After some work, the results is quite performant, with a few caveats/limitations. Benefits include

  1. it is especially fast at sorting smaller Int sizes (32-bit and smaller), often 2-4x faster than QuickSort (which is already a pretty fast implementation), and generally faster even for 64-bit numbers when the data is random
  2. it is a stable sort
  3. it's integrated with the current sorting framework, and can work with all standard Orderings except Lt.

Limitations:

  1. it's limited to bits types: all sizes of Int, Uint, and Float32/Float64; no direct sorting of Strings
  2. it will work with functions of non-bit types (eg., sort!(a::Array{String}, by=length) as long as the function produces a bits type; however the function call overhead is currently pretty high
  3. in the same vein, it works with sortperm, with some overhead; this can still be faster than other algorithms for smaller data types
  4. it has an up-front overhead which makes it slower than the other sorts for lists with less than ~2^13 (8192) values, give or take, depending on the machine. Larger than that, it is generally faster than all other sorts (in Julia) for straight lists of Ints/Floats. (Edit: Actually, for 64-bit numbers, this depends on the range of values)
  5. For 128-bit numbers, it is quite slow (assuming the high order bits are not empty). This is not surprising, since the run time is proportional to the size of the items being sorted, and 128-bit numbers are big (O(kn), where k is the word size).
  6. It uses O(N) memory (like MergeSort), which affects performance at some point depending on list and machine being used

You can see a comparison of all sorts in the SortPerf.jl package. The README has a table with a summary suggesting when each algorithm should be used, and sortperf.pdf shows a comparison of all of the different sort algorithms run on various tests. (Note that most of the tests were originally written to show off TimSort, and have some structure that other sorts (but not radix sort) can take advantage of. RadixSort does come out on top sorting random lists, as well, as large lists with only a few unique values.)

Finally, I had to work around some type inference limitations for the uint_mapping function (look for "manually inlined" comments). I'll file those issues separately.
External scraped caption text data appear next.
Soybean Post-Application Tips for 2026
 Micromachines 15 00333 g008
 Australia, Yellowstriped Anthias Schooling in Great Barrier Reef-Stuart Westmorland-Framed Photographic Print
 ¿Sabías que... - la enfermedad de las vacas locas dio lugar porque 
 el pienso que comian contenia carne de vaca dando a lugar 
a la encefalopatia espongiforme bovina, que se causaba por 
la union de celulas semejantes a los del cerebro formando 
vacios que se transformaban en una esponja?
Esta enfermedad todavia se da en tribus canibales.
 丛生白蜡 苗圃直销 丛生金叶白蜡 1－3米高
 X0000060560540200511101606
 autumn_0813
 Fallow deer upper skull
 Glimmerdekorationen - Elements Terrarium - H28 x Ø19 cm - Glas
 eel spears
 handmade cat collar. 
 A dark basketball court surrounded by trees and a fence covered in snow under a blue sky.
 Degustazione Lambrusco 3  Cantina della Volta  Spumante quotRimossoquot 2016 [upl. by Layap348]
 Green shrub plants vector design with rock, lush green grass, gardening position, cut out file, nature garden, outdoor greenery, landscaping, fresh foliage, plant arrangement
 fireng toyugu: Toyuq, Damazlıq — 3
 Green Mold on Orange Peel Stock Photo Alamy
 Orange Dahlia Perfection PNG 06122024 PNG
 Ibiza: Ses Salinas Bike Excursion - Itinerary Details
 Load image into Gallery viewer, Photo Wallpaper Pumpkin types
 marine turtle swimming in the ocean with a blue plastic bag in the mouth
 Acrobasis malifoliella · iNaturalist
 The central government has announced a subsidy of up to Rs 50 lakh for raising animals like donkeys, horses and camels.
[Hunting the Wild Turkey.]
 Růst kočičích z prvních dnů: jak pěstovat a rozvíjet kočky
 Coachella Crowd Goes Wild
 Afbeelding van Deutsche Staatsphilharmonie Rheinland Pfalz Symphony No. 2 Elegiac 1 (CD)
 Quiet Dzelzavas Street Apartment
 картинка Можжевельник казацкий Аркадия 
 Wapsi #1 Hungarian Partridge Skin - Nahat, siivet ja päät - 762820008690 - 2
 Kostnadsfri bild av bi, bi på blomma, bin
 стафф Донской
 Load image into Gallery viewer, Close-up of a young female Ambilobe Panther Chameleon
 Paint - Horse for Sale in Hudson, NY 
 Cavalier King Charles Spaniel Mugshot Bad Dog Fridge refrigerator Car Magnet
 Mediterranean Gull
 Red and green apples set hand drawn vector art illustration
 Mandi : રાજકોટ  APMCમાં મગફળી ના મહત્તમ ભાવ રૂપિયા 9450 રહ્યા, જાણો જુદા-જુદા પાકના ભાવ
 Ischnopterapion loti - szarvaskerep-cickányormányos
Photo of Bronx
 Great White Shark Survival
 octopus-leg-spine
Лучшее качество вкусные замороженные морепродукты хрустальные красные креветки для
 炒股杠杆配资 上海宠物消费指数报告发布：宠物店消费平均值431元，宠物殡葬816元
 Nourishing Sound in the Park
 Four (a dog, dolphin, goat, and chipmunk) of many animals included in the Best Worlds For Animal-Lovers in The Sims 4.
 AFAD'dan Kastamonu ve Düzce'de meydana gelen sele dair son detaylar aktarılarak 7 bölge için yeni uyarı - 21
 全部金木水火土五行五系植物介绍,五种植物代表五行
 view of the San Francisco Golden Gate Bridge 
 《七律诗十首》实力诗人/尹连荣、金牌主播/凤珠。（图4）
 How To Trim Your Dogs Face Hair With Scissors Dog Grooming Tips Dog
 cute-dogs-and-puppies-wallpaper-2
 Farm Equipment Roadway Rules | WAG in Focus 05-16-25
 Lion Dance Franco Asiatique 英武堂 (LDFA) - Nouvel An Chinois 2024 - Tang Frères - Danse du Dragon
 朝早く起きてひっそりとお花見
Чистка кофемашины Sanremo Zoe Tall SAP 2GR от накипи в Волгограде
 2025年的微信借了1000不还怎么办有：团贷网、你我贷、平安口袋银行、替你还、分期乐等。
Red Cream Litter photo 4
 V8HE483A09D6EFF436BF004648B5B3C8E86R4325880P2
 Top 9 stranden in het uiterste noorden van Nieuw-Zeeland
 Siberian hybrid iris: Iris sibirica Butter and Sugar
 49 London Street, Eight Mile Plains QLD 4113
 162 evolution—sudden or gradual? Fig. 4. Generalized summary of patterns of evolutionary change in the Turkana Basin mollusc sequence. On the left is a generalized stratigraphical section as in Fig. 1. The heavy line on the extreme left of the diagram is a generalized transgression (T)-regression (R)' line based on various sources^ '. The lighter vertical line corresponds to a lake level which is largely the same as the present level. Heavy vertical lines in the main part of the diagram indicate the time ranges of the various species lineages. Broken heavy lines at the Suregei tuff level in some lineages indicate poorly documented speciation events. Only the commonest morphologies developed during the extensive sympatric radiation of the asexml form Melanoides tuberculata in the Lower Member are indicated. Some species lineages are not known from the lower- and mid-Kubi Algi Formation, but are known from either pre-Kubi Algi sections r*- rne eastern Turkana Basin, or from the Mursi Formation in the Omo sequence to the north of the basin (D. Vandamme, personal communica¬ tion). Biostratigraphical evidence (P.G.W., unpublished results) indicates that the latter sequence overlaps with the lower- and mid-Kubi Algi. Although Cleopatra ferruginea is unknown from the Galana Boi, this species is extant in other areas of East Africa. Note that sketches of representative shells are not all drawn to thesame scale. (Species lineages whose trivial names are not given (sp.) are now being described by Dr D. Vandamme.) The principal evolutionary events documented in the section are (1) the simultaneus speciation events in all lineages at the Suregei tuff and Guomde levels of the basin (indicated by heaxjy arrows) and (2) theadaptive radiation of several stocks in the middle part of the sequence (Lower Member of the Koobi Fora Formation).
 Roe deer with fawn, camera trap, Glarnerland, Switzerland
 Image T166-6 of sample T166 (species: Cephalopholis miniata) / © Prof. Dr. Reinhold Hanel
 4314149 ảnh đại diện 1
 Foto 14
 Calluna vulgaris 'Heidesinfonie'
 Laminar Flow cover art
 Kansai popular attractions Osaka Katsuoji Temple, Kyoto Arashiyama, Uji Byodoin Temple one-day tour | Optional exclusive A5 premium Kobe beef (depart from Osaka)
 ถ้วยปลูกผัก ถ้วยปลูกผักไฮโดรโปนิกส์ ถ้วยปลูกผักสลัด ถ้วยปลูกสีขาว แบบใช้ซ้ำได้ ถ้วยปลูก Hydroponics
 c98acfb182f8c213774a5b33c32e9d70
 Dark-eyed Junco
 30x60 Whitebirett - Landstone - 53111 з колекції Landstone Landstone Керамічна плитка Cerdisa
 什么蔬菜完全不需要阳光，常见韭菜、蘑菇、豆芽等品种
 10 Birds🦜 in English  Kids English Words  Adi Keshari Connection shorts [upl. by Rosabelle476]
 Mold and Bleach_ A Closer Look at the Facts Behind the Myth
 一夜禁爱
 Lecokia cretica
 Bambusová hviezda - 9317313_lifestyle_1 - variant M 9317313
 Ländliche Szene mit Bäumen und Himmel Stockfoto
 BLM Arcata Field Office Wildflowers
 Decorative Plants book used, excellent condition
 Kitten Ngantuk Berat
Comments/suggestions on the implementation or what to do with it are welcome.

CC: @StefanKarpinski

@StefanKarpinski
Copy link
Member

Also, I could have sworn that I opened an issue about moving all but the essential sorts out of base, but now I can't find it. How does this relate?

@ViralBShah
Copy link
Member

I think it would be great to have a good radix sort in base, especially if it works fast for sorting integers.

@StefanKarpinski
Copy link
Member

Since we trickily use integer comparisons for sorting floating-point numbers, we could also use this for floats.

@kmsquire
Copy link
Member Author

kmsquire commented Aug 6, 2013

#3825, mentioned at the top of the page. This sort should probably be put in the same package.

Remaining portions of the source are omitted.